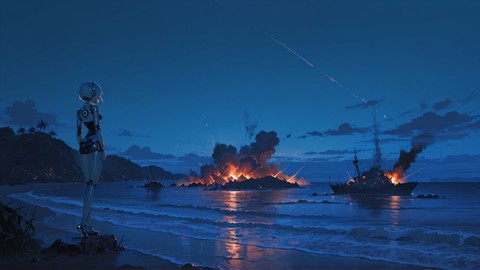 Blue Night Sea Disaster smartphone wallpaper free download, vertical 9:16 format, Blue, Night, Sea, Summer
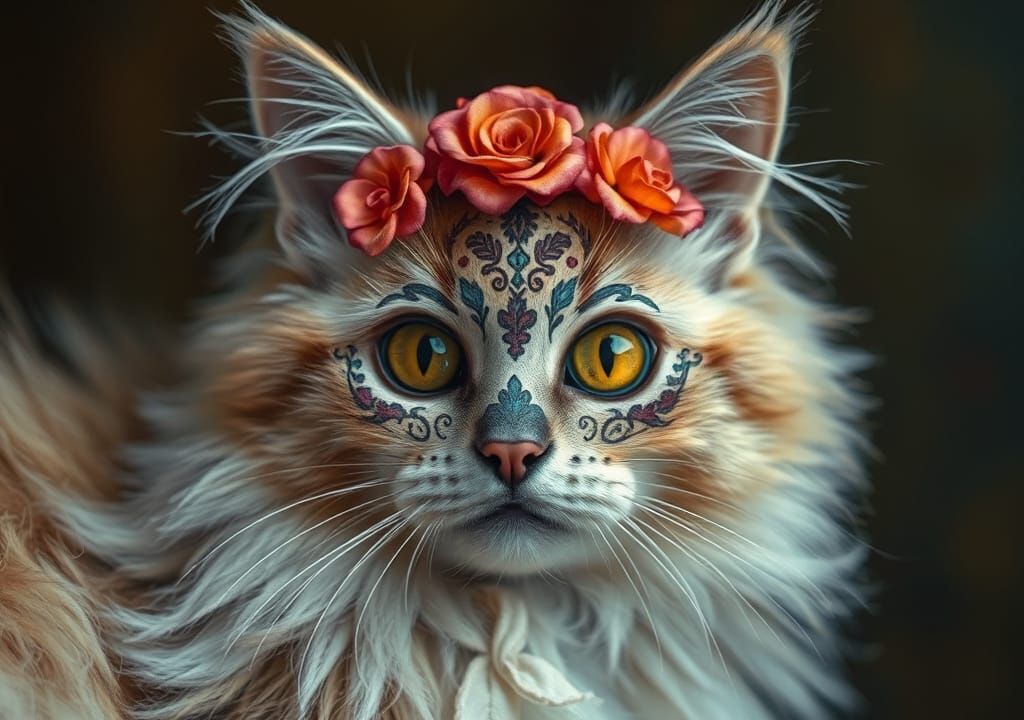 Fluffy Cat in La Dia de los Muertos Style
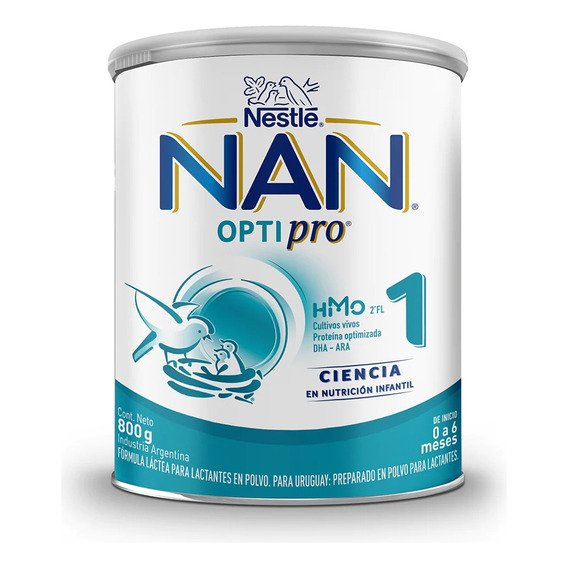 Leche de fórmula en polvo sin TACC Nestlé Nan Optipro 1 en lata de 1 de 800g - 0  a 6 meses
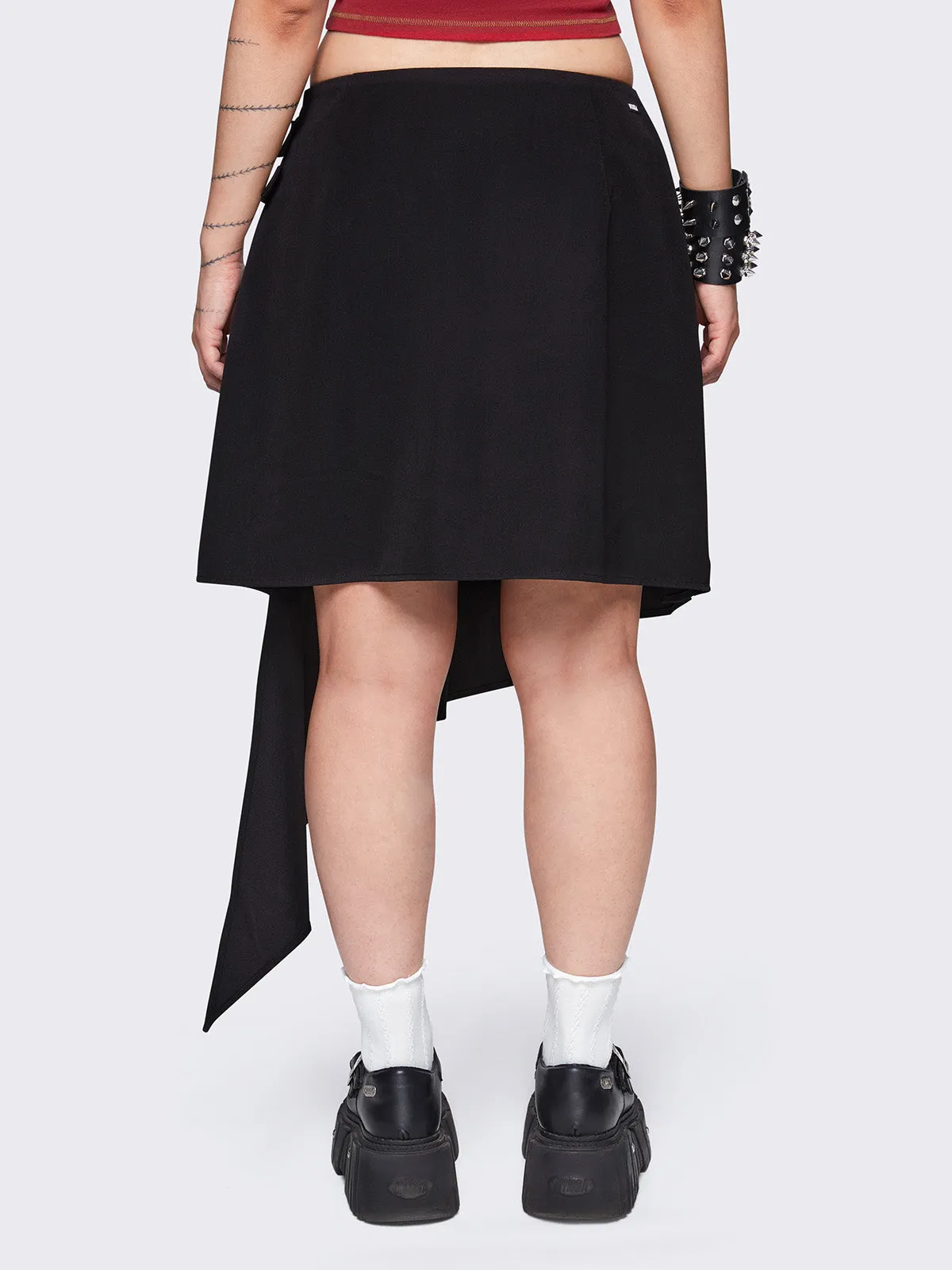 Kya Black Asymmetric Skirt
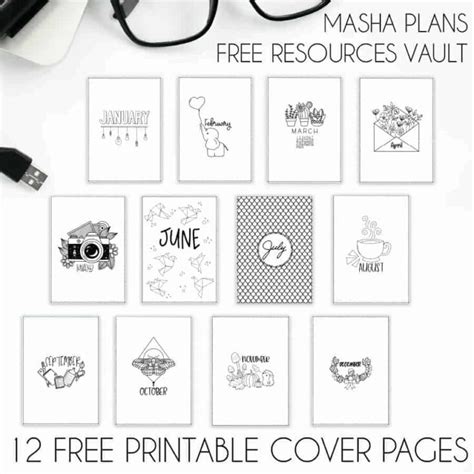 Free Bullet Journal Cover Page Printables | Masha Plans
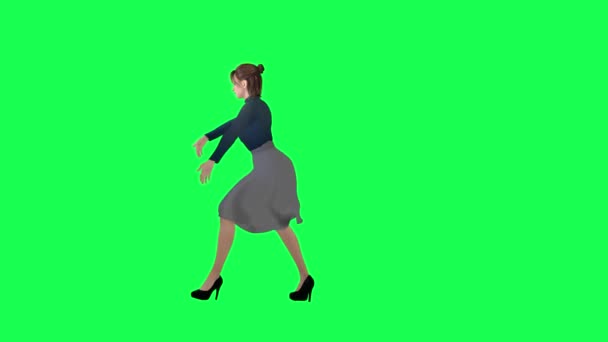 Mujer Delgada Con Cuerpo Grande Pantalla Verde Con Vestido Largo — Vídeo de stock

···

TASK DIRECTIONS - Repeat the material above exactly; pictures do not belong in the copy.

SOLUTION FOR THIS TASK -
 Blue Night Sea Disaster smartphone wallpaper free download, vertical 9:16 format, Blue, Night, Sea, Summer
 Fluffy Cat in La Dia de los Muertos Style
 Leche de fórmula en polvo sin TACC Nestlé Nan Optipro 1 en lata de 1 de 800g - 0  a 6 meses
 Kya Black Asymmetric Skirt
 Free Bullet Journal Cover Page Printables | Masha Plans
 Mujer Delgada Con Cuerpo Grande Pantalla Verde Con Vestido Largo — Vídeo de stock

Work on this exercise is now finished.